• Prompt
Could you copy exactly the lines below from the one with "staging a bookcase decluttering" to the one with "Gilded wedding stage", inclusive, leaving out any pictures?

• Data excerpts
*** Block opens ***

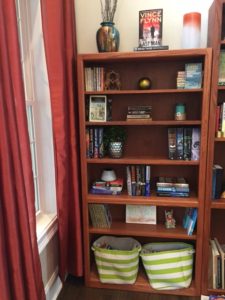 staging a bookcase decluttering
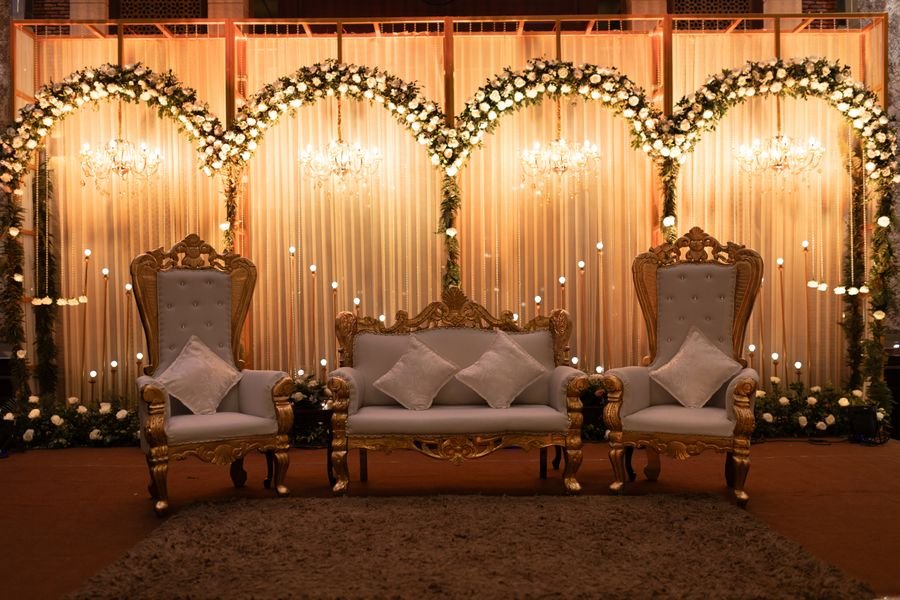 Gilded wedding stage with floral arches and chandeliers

*** Block closes ***
*** Block opens ***

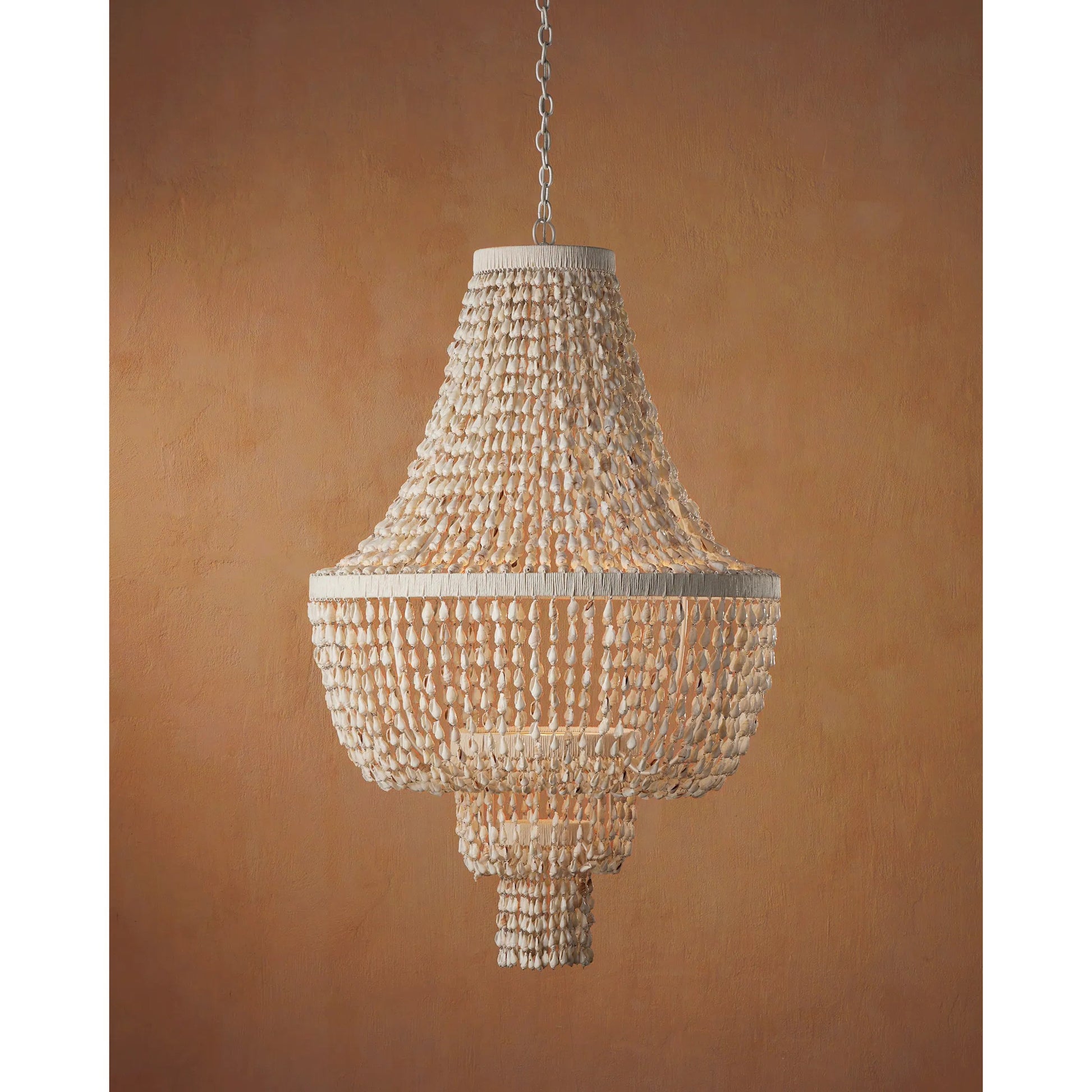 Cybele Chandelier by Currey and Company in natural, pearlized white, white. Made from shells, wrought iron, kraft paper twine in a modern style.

*** Block closes ***

• Completed task
 staging a bookcase decluttering
 Gilded wedding stage with floral arches and chandeliers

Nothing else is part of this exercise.